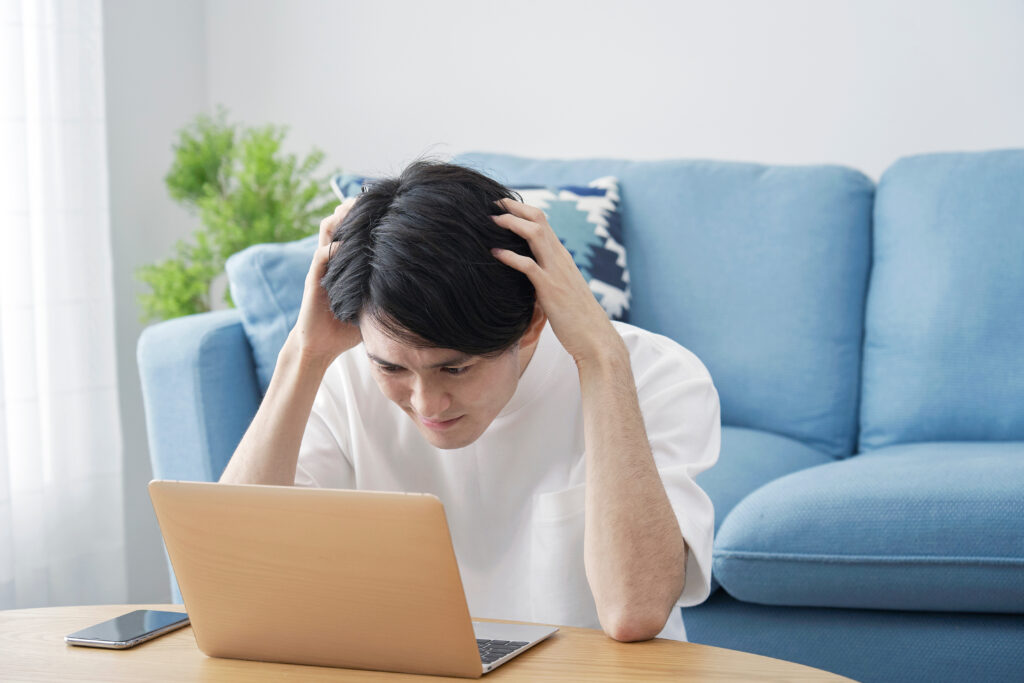 青いソファの前でパソコンを見て頭を抱える男性
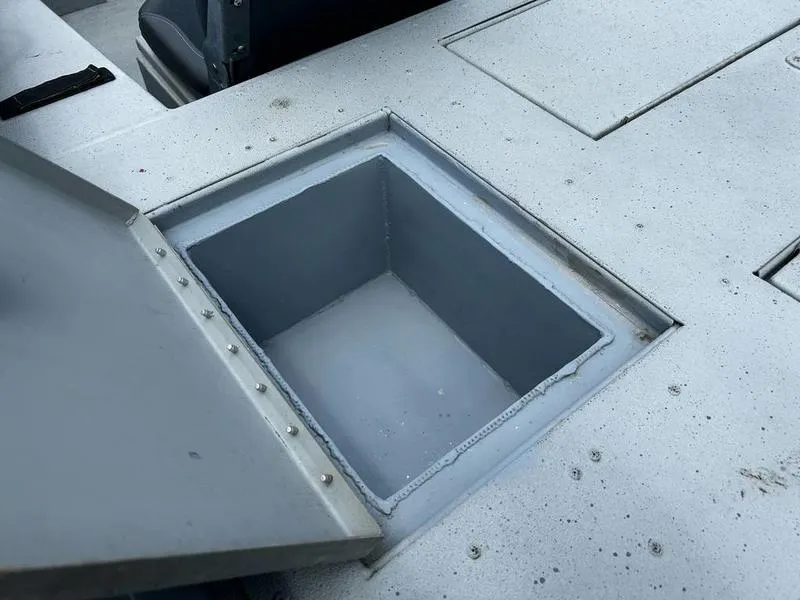 Slide: The Image of Open storage compartment on a 2019 Triton 18 TX boat deck. - 13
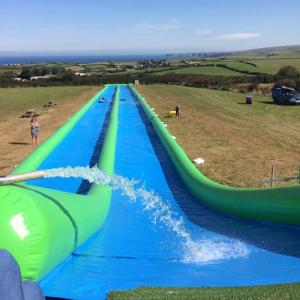 China 100m Giant Inflatable Slip N Slide With Pool For Kids And Adults supplier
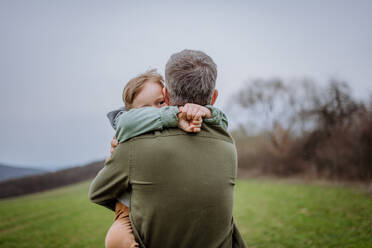 Father and his little son on a walk in the nature. - HPIF33223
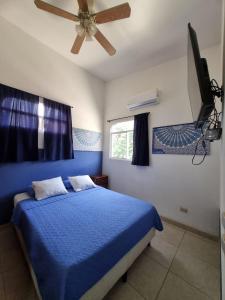a bedroom with a blue bed and a ceiling fan at Mini Apartamento Giada in Nicoya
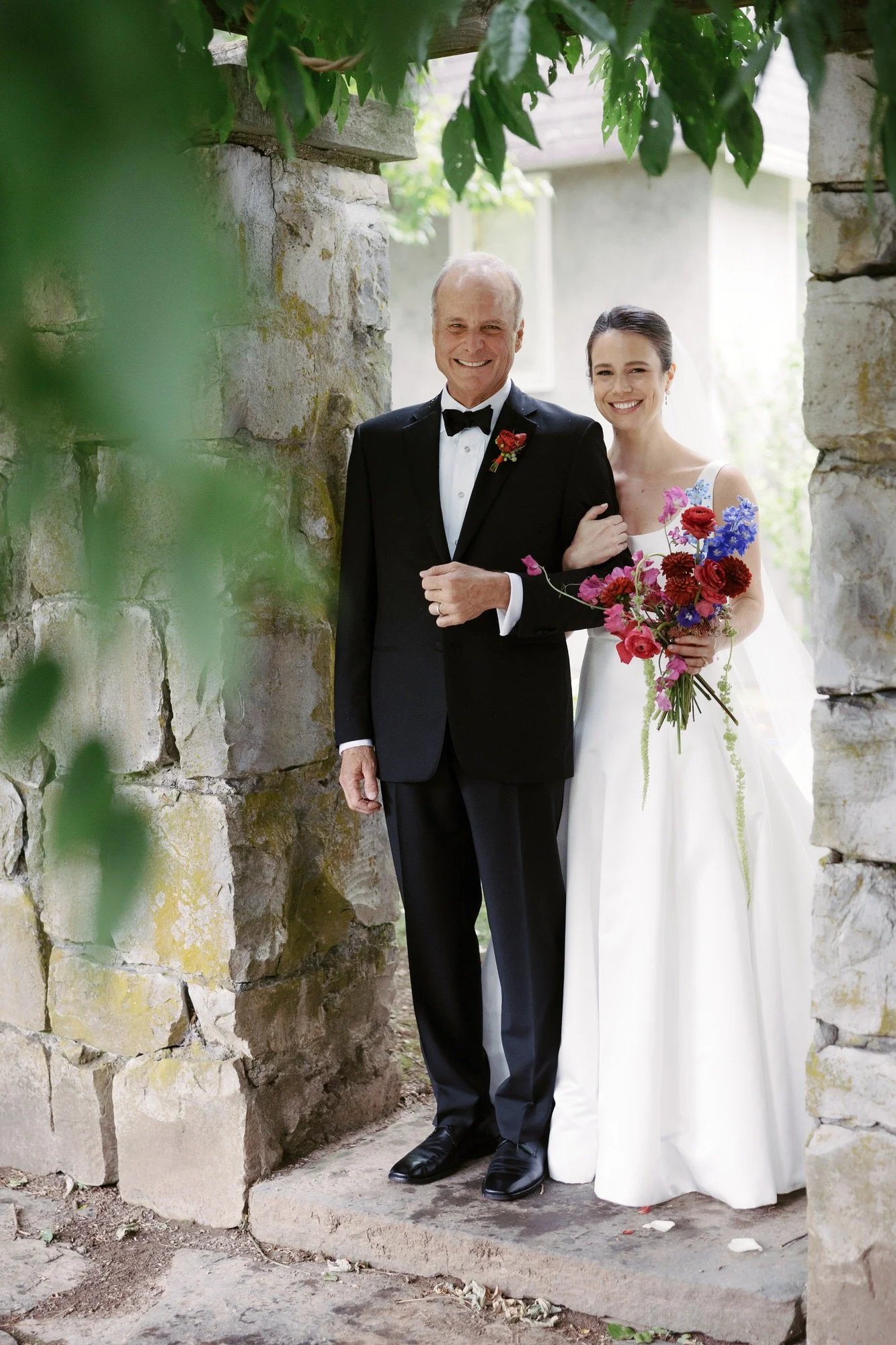 aa-0622-bride-and-father-standing-under-stone-arch-troutbeck-amenia-ny-planned-by-ashley-douglass-jenny-fu.jpg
■ ■ ■ ■
> _The task_: Exact repetition of the data is needed, with no images retained.

> _Task answer_:
 青いソファの前でパソコンを見て頭を抱える男性
 Slide: The Image of Open storage compartment on a 2019 Triton 18 TX boat deck. - 13
 China 100m Giant Inflatable Slip N Slide With Pool For Kids And Adults supplier
 Father and his little son on a walk in the nature. - HPIF33223
a bedroom with a blue bed and a ceiling fan at Mini Apartamento Giada in Nicoya
 aa-0622-bride-and-father-standing-under-stone-arch-troutbeck-amenia-ny-planned-by-ashley-douglass-jenny-fu.jpg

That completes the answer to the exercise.